Filter the entries below, keeping only lines with the word "Living".

Start of Task data

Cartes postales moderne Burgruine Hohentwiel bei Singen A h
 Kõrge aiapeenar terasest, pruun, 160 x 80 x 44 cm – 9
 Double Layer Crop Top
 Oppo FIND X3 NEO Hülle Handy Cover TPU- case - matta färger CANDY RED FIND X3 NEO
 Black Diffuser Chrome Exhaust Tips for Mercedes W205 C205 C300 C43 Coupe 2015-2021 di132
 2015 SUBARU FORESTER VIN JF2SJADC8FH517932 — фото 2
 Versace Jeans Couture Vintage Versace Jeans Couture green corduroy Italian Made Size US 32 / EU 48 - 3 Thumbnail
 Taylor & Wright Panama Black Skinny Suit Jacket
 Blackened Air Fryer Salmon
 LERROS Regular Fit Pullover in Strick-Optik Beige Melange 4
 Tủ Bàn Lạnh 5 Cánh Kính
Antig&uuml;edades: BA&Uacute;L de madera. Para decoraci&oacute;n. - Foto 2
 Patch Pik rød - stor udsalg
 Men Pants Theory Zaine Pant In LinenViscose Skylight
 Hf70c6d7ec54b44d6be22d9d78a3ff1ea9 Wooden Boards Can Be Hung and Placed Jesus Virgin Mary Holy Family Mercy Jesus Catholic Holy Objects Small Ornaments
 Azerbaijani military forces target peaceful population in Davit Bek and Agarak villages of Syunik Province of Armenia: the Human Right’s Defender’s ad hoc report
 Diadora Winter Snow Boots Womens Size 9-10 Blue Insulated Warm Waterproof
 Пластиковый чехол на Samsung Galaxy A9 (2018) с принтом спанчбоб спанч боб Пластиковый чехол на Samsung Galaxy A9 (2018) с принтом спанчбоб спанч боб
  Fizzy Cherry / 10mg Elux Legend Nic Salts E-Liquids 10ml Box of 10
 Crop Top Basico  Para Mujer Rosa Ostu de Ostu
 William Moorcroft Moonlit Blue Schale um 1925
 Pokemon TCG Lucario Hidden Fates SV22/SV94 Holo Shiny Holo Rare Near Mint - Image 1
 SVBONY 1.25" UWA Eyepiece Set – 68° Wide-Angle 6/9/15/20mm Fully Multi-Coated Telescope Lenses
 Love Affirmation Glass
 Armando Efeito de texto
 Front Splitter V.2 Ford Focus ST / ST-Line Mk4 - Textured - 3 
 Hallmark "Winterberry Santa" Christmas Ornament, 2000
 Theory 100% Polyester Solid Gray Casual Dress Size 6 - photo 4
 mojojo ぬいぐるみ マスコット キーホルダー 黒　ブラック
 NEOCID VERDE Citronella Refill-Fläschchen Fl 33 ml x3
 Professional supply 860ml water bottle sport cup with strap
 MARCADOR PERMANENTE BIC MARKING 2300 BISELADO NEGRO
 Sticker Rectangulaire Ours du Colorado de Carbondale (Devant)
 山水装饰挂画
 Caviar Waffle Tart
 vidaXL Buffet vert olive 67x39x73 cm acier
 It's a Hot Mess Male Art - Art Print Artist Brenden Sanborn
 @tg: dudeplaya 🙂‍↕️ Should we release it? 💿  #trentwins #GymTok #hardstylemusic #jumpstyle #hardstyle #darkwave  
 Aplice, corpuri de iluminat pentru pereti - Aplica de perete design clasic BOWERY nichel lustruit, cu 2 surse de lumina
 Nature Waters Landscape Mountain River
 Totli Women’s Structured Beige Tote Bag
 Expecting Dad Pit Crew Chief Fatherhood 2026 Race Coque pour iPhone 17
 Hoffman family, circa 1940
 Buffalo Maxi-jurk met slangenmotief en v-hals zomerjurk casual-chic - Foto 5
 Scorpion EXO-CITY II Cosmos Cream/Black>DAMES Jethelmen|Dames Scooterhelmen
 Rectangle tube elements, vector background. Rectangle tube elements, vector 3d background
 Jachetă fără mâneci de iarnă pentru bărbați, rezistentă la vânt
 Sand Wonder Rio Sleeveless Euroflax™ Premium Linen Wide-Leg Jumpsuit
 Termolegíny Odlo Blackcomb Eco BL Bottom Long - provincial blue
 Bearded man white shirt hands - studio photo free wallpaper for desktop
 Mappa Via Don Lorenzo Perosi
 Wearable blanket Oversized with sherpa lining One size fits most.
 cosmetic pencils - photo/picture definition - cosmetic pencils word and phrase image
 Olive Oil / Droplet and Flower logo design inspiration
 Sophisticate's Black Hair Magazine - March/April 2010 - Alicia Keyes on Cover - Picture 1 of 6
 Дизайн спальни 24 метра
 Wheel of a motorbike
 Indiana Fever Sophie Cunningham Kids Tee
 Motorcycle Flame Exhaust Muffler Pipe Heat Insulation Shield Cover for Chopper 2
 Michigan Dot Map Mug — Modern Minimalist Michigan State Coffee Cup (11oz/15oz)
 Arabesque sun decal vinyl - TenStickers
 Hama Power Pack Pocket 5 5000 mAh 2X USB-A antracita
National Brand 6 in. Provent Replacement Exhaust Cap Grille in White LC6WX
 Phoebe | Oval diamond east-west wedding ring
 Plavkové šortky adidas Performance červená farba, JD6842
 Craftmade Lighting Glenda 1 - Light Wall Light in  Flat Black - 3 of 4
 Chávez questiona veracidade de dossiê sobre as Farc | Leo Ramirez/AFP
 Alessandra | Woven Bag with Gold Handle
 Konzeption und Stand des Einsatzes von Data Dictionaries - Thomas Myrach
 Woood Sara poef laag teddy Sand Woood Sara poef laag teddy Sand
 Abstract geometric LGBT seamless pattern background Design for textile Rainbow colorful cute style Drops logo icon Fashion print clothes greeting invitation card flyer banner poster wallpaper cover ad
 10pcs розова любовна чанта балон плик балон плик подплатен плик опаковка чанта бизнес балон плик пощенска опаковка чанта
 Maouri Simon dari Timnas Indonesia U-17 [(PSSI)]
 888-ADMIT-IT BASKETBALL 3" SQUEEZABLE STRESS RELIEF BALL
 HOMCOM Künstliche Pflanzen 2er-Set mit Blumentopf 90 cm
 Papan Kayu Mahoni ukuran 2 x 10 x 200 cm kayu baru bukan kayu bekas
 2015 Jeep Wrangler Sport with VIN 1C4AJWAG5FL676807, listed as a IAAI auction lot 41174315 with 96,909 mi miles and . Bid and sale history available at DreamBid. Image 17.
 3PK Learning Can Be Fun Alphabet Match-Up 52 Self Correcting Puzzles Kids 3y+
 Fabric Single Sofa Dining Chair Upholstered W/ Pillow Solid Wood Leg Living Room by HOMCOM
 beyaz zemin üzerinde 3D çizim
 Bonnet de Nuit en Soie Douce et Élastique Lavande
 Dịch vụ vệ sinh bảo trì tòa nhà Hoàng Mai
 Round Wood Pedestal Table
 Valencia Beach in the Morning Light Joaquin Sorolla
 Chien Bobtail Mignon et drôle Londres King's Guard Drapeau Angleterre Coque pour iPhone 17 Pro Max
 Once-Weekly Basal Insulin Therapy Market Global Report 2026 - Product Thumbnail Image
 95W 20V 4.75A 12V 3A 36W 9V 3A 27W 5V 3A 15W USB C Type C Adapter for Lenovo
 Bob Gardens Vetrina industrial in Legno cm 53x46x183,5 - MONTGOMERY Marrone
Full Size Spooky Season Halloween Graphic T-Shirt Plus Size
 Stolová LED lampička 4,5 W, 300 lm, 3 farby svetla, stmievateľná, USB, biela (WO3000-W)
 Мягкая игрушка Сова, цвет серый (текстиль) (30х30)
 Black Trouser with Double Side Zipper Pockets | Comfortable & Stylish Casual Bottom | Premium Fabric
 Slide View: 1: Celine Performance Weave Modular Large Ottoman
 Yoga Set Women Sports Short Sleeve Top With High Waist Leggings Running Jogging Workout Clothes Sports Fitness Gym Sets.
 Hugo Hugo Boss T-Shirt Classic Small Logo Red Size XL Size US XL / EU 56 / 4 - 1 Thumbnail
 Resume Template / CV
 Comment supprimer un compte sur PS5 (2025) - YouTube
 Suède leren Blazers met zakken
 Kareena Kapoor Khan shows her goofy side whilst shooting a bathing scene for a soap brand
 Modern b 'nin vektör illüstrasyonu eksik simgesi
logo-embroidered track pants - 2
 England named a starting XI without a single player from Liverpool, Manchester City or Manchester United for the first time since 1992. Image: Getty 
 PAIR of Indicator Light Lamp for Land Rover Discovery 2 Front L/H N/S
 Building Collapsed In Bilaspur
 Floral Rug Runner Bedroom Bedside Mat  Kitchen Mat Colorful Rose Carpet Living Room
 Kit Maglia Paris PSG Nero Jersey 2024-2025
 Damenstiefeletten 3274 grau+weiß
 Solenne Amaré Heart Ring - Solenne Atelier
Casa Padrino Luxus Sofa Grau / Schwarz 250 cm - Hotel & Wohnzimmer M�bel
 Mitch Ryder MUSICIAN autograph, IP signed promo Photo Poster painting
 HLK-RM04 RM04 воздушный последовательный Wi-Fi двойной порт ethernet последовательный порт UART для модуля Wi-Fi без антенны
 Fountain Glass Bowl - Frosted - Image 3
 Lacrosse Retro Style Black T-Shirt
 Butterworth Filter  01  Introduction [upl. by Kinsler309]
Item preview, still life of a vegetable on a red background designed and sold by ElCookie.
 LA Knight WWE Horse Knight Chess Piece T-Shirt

End of Task data

Answer space:
 Fabric Single Sofa Dining Chair Upholstered W/ Pillow Solid Wood Leg Living Room by HOMCOM
 Floral Rug Runner Bedroom Bedside Mat  Kitchen Mat Colorful Rose Carpet Living Room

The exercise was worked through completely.